*PROBLEM REQUIREMENTS:* Your task is to reproduce exactly the lines that run from the beginning of the data through the line where "旅日埼玉西武獅隊台灣棒球好手" appears.

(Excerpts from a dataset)
- Opening Delimiter -
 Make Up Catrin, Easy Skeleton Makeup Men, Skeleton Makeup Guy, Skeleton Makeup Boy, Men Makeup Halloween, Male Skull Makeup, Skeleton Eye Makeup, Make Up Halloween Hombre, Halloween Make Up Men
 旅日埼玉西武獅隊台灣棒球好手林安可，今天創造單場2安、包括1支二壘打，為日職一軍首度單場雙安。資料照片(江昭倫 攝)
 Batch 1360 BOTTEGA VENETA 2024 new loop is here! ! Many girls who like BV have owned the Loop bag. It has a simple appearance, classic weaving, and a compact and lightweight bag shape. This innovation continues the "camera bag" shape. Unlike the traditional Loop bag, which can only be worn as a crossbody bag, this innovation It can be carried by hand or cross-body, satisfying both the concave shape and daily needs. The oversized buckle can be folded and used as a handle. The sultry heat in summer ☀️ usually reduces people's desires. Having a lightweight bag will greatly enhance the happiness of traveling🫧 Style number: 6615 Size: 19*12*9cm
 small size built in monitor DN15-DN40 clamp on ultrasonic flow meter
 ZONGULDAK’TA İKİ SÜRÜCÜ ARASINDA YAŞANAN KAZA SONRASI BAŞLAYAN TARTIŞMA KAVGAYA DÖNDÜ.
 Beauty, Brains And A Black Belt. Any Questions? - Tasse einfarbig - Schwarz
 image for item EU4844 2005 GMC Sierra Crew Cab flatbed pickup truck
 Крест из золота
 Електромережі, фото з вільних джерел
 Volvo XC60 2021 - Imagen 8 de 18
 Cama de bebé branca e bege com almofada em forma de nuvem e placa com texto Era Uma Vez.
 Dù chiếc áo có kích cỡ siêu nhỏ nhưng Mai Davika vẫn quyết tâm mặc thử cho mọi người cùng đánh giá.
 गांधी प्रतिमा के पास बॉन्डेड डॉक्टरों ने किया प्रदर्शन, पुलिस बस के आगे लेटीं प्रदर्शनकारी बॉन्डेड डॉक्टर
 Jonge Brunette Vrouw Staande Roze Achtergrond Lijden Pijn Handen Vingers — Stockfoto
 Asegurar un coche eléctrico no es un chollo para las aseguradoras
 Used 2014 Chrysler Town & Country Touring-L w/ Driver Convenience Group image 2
- Closing Delimiter -
*ANSWER AREA:*
 Make Up Catrin, Easy Skeleton Makeup Men, Skeleton Makeup Guy, Skeleton Makeup Boy, Men Makeup Halloween, Male Skull Makeup, Skeleton Eye Makeup, Make Up Halloween Hombre, Halloween Make Up Men
 旅日埼玉西武獅隊台灣棒球好手林安可，今天創造單場2安、包括1支二壘打，為日職一軍首度單場雙安。資料照片(江昭倫 攝)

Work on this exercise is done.